450 cases, 11 dead worldwide in growing mystery of childhood hepatitis


Enlarge / Adenoviruses remain the main suspect, although no cause has been identified.

The global tally of unexplained hepatitis cases in children has reached around 450, including 11 reported deaths, according to an update from the European Center for Disease Prevention and Control.

The cases come from more than two dozen countries around the world, with around 14 countries reporting more than five cases. The countries with the highest number of cases so far are the UK and the US.

In the UK, authorities have identified 163 cases in children under 16, 11 of whom required liver transplants. Last week, the US Centers for Disease Control reported 109 cases under investigation in children under 10 in 25 states. Of these cases, 14% required a liver transplant and five children died.

Fourteen countries in the European Union have reported about 106 cases collectively, with Italy (35) and Spain (22) reporting the highest counts of EU member countries. Outside the EU, officials have reported cases in Argentina (8), Brazil (16), Canada (7), Costa Rica (2), Indonesia (15), Israel (12), in Japan (7), Panama (1), Palestine (1), Serbia (1), Singapore (1) and South Korea (1).

The 11 deaths were reported in Indonesia (5), Palestine (1) and the United States (5).

The cause of severe hepatitis – inflammation of the liver – remains a mystery, despite the growing count. Some of the cases were identified retrospectively, dating back to October 1, 2021.

Health officials around the world are tracking cases of acute hepatitis in children that cannot be explained by common culprits, such as hepatitis A, B, C, D, and E viruses, which are known to damage the liver. Those with cases also have elevated levels of liver enzymes.
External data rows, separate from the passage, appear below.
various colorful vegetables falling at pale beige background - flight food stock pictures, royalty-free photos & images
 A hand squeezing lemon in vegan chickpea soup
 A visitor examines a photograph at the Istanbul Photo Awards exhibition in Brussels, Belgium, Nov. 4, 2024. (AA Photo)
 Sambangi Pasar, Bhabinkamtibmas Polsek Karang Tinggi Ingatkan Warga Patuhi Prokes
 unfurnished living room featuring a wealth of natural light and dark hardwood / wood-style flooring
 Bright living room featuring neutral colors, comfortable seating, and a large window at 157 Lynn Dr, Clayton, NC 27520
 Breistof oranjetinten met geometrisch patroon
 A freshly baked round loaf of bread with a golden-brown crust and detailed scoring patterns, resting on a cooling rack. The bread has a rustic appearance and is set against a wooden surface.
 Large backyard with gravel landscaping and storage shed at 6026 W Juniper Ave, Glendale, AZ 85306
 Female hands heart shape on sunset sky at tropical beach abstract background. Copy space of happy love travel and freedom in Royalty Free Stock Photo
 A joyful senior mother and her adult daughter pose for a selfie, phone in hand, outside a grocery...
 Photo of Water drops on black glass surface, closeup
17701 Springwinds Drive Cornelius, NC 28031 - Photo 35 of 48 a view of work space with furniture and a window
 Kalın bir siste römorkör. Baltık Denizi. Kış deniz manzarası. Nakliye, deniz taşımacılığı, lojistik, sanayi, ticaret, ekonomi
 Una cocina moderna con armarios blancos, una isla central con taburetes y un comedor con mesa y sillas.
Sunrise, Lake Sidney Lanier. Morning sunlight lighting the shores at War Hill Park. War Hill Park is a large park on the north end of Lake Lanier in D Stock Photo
“Right now, the main hypotheses remain those involving the adenovirus,” Philippa Easterbrook, a senior scientist at the World Health Organization, said in a press briefing on Tuesday. “But,” she added, “I think [there’s] also always an important consideration on the role of COVID, either as a co-infection or as a past infection.

Easterbrook noted that about 70% of cases that have been tested for adenovirus have tested positive, and subtype testing continues to commonly reveal adenovirus type 41.

Data coming soon

Adenoviruses are not known to cause hepatitis in healthy children, although the large family of viruses have previously been linked to liver damage in children with weakened immune systems. Adenoviruses often cause common respiratory infections in healthy children, while type 41 is linked to gastrointestinal illnesses.

So far, liver biopsy data have not revealed adenovirus in the livers of affected children, raising further questions. Additionally, adenoviruses are quite common in children and some of the cases of hepatitis occurred when transmission of adenoviruses in the general population was high. This raises the possibility that the detection of adenovirus is merely accidental and not the cause of the liver damage.

At Tuesday’s press conference, Easterbrook noted the possibility, saying: “Hopefully within a week there will be data from the UK on [an] large case-control study comparing whether the detection rate of adeno in children with liver disease differs from that of other hospitalized children. This will really help determine if the adeno is just an accidental infection that was caught or if there is a causal or probable connection. »

Otherwise, authorities have reported that the cases are sporadic and unlinked, with no known common exposure to drugs, food, drink, toxic substances or travel. The US CDC has also ruled out bacterial infections, urinary tract infections, autoimmune hepatitis and a rare genetic condition called Wilson’s disease, based on data from cases in Alabama.

According to Easterbrook, tests have found that around 18% of cases are positive for SARS-CoV-2. However, the US CDC ruled out SARS-CoV-2 as a possible direct cause of the cases, noting that the first nine cases identified in Alabama were all negative for the virus. During a press briefing last week, CDC Deputy Director for Infectious Diseases Jay Butler said the agency is still keeping open the possibility that prior SARS-CoV-2 infections may play a role in cases. Studies looking at past SARS-CoV-2 infections in affected children are currently underway in the United States and elsewhere.